If you’re looking for smoky flavour and those standout chargrilled lines, then you'll need a griddle pan. We tested some of the best griddle pans available to help you find the right one for your kitchen.
There is a big difference between charring and burning food. Chargrilling enhances an ingredient’s flavour by caramelising its sugars and bringing a smoky taste to every bite. When food is burnt, these sugars carbonise and the taste becomes overwhelmingly bitter. Nobody wants to eat charcoal.
Finding the magic balance between these two states creates a great complexity of flavour.
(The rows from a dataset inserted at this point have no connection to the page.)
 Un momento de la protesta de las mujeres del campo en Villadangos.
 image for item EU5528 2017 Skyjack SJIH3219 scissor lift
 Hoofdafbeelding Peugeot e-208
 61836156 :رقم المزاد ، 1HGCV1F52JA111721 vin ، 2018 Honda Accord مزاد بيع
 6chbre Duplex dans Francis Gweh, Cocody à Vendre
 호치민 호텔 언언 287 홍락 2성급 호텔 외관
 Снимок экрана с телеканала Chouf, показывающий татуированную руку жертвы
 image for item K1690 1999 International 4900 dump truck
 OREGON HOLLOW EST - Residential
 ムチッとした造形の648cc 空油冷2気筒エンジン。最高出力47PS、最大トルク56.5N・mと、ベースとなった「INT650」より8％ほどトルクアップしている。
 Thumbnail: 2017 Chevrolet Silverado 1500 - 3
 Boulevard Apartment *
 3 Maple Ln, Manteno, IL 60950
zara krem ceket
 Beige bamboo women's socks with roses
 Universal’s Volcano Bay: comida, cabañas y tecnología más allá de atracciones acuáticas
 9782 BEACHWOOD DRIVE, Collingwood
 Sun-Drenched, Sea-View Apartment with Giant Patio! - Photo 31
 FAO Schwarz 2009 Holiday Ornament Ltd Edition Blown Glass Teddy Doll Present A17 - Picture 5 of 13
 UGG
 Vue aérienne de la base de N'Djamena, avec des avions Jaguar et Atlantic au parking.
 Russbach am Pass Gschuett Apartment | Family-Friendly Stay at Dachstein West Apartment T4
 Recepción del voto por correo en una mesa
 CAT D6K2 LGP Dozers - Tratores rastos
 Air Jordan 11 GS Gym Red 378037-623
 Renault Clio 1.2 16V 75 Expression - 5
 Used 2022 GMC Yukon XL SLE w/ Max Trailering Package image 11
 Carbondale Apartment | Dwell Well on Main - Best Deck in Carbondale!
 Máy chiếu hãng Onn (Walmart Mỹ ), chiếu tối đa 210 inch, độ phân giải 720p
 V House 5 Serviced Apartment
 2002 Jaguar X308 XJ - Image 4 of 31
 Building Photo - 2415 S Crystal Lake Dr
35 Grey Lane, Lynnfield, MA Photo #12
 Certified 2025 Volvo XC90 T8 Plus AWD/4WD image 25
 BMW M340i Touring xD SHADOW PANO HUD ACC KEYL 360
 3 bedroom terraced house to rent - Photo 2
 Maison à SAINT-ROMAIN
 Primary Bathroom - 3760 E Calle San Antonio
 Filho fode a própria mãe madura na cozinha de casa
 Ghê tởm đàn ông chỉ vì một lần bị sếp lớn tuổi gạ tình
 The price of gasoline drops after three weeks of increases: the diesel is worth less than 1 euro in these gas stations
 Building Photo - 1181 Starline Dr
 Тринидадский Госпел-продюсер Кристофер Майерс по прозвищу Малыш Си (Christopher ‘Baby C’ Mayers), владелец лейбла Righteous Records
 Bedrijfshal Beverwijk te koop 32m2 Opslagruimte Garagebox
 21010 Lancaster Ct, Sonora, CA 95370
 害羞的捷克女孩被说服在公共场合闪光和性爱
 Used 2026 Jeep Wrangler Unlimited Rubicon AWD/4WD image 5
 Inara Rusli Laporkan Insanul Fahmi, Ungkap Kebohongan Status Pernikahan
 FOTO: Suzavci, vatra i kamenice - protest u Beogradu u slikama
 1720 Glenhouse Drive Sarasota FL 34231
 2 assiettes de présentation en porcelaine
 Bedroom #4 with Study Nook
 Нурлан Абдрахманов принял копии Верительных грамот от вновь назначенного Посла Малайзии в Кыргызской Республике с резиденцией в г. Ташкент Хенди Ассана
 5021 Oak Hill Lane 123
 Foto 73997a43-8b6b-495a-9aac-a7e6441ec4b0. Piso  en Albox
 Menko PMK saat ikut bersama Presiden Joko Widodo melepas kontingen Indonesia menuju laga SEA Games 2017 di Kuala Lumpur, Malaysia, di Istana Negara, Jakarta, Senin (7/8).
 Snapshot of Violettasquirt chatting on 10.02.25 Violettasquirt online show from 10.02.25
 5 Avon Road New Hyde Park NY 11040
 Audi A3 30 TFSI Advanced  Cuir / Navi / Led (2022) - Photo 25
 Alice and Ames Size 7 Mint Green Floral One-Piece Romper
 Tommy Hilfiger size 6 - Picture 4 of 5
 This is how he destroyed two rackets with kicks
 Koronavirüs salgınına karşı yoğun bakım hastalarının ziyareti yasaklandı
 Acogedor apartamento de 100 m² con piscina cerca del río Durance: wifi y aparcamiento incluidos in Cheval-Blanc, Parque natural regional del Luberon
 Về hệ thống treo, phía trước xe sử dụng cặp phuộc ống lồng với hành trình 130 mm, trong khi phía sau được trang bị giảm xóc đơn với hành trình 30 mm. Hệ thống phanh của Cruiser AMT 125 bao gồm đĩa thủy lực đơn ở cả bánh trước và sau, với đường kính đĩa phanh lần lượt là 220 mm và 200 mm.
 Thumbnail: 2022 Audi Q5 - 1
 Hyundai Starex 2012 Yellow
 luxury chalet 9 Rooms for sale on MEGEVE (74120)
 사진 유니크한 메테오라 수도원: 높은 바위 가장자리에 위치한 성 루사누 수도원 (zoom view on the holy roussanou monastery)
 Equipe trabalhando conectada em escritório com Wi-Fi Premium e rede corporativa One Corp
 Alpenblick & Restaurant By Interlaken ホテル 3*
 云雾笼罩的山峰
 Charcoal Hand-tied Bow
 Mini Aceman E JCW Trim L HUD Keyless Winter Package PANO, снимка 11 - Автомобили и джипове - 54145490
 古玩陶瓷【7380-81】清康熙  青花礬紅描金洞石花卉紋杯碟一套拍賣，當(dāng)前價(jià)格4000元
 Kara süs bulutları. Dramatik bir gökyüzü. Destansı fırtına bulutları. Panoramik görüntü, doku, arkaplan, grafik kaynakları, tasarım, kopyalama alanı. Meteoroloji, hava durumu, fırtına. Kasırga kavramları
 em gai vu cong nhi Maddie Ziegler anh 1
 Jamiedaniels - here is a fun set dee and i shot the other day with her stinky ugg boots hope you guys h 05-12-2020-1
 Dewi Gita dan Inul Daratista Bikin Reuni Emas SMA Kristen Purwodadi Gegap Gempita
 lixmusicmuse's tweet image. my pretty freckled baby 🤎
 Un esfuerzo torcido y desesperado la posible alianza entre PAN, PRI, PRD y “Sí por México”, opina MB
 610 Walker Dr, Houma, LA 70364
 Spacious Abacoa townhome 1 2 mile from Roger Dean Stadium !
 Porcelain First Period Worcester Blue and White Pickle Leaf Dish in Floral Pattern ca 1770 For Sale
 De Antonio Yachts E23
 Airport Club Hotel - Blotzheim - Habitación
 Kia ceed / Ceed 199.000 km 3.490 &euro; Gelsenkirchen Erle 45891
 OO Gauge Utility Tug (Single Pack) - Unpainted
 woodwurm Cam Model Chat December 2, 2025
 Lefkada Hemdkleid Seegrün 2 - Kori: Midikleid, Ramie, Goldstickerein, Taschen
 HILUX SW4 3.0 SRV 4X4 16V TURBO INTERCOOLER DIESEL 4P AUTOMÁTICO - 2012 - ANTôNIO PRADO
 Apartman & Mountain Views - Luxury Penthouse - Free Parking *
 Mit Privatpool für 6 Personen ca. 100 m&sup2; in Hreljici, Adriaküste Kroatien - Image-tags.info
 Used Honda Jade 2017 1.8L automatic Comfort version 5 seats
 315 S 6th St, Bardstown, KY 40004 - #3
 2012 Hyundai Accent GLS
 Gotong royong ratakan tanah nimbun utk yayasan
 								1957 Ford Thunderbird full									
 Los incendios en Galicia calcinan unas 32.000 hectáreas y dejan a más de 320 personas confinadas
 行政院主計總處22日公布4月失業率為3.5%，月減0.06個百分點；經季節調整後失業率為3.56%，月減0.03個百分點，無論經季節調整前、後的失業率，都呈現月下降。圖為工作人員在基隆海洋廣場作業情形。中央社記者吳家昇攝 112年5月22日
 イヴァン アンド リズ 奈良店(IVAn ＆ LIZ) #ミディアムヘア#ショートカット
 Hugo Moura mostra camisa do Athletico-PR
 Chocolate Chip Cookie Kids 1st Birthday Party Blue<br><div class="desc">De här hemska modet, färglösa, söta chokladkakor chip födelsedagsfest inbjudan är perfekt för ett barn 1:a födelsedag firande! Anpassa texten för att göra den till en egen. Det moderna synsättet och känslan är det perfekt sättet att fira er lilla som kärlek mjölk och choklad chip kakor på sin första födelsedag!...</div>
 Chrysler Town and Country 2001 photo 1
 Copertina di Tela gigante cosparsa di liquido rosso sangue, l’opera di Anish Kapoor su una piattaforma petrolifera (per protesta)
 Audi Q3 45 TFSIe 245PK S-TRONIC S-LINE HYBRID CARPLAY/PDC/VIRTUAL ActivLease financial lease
It’s all about those chargrilled lines, so getting the right griddle pan is important.
We tested some of the best griddle pans available ranging in price, size, and specs to help you find the right one for your kitchen.
Ingredients we used for testing included thick strips of chicken in a yoghurt tikka dressing; thickly sliced halloumi; and rounds of aubergine.
We’d usually recommend brushing your ingredients with a lick of oil, just to eliminate any risk of them sticking, but we fried some of ours dry to see how well each pan fared in a non-stick test. Read our griddle pan reviews to see what we found.
Griddle pan reviews: what are the best griddle pans to buy?
Valeria platinum induction griddle pan (28cm)
Best overall griddle pan – star buy
Pros: great non-stick, deep ridges and defined lines
Cons: a large pan for storing
At first sight this looks like a regular big pan, but we found it opened up a variety of cooking options. The 28cm square, straight-sided design maximises cooking surface area and would be large enough to grill a whole spatchcock chicken or two aubergines sliced lengthways.
The non-stick coating is PFOA-free and allowed us to flip and manoeuver each ingredient without them sticking. Despite its size, the pan isn’t overly heavy as it's made from cast-aluminium.
Valira boasts about its diamond polished base for preventing hot spots, and all ingredients we tested were cooked very evenly with clearly defined char lines.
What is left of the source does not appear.